● **WORK TASK**
Below are some records. Return exactly the lines from the one containing "Pre Owned Giuseppe" through the one containing "Modern 2-Bedroom Apartment", both included, and only those.

● **SUPPLIED MATERIAL**
-- Opening Marker --
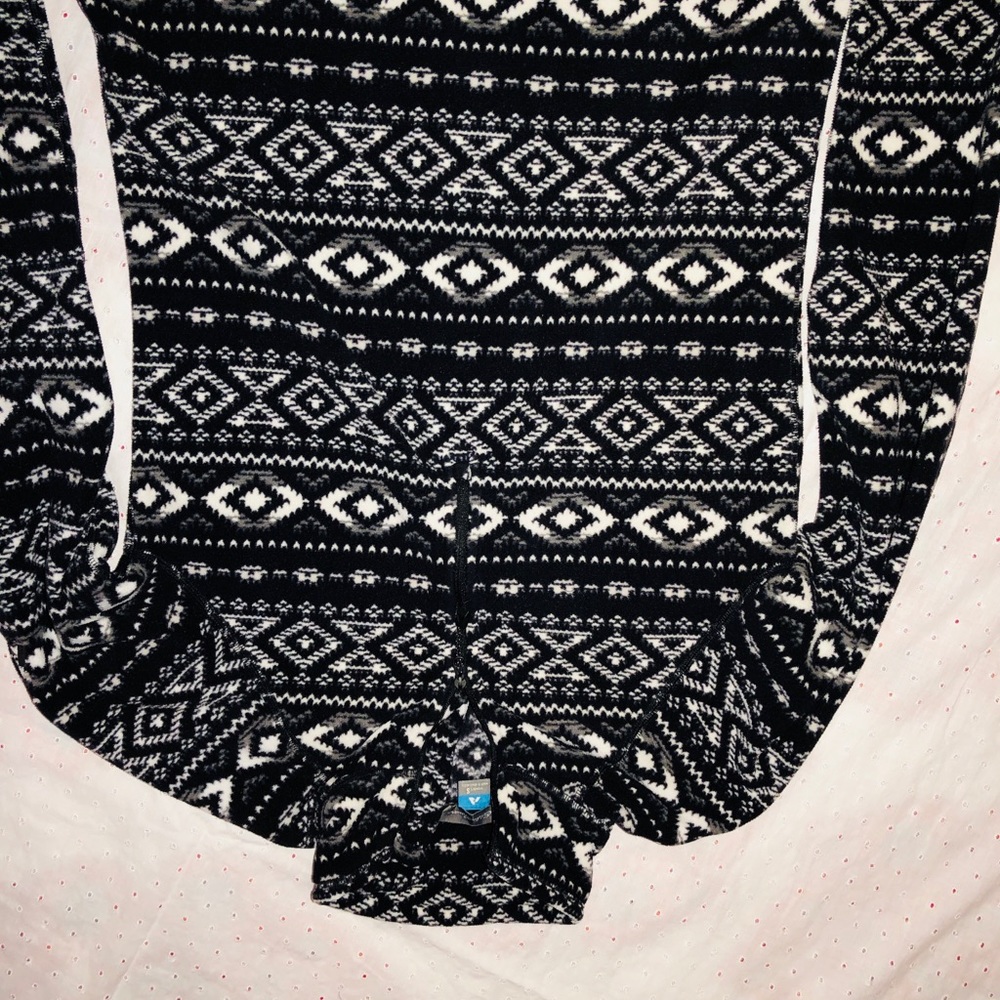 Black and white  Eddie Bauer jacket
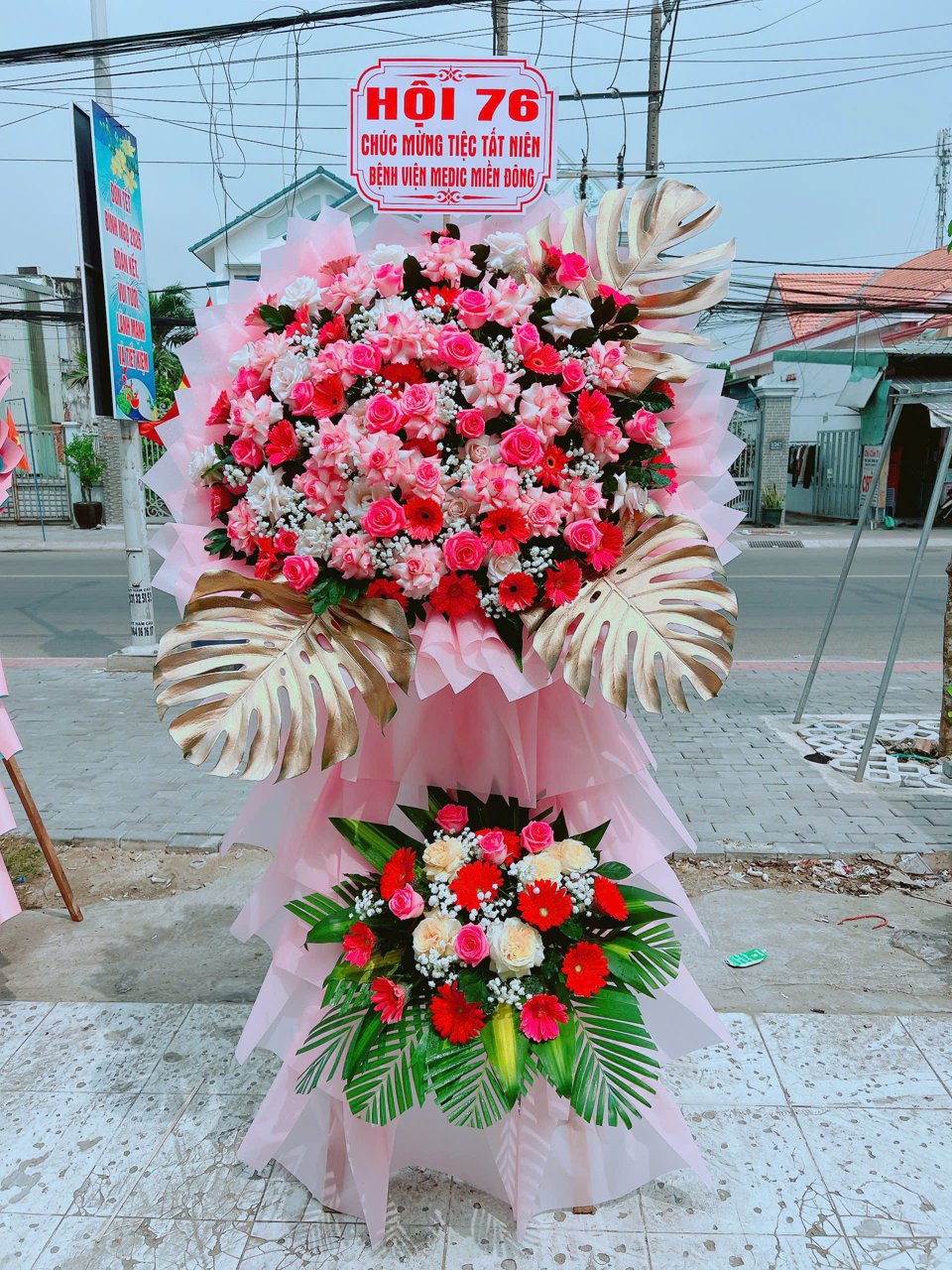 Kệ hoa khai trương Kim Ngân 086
-- Closing Marker --
-- Opening Marker --
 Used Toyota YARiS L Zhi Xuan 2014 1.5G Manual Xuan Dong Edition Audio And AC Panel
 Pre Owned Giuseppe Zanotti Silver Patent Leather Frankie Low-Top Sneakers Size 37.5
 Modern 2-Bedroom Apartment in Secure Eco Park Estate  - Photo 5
-- Closing Marker --
● **ANSWER TO THE EXERCISE**
 Pre Owned Giuseppe Zanotti Silver Patent Leather Frankie Low-Top Sneakers Size 37.5
 Modern 2-Bedroom Apartment in Secure Eco Park Estate  - Photo 5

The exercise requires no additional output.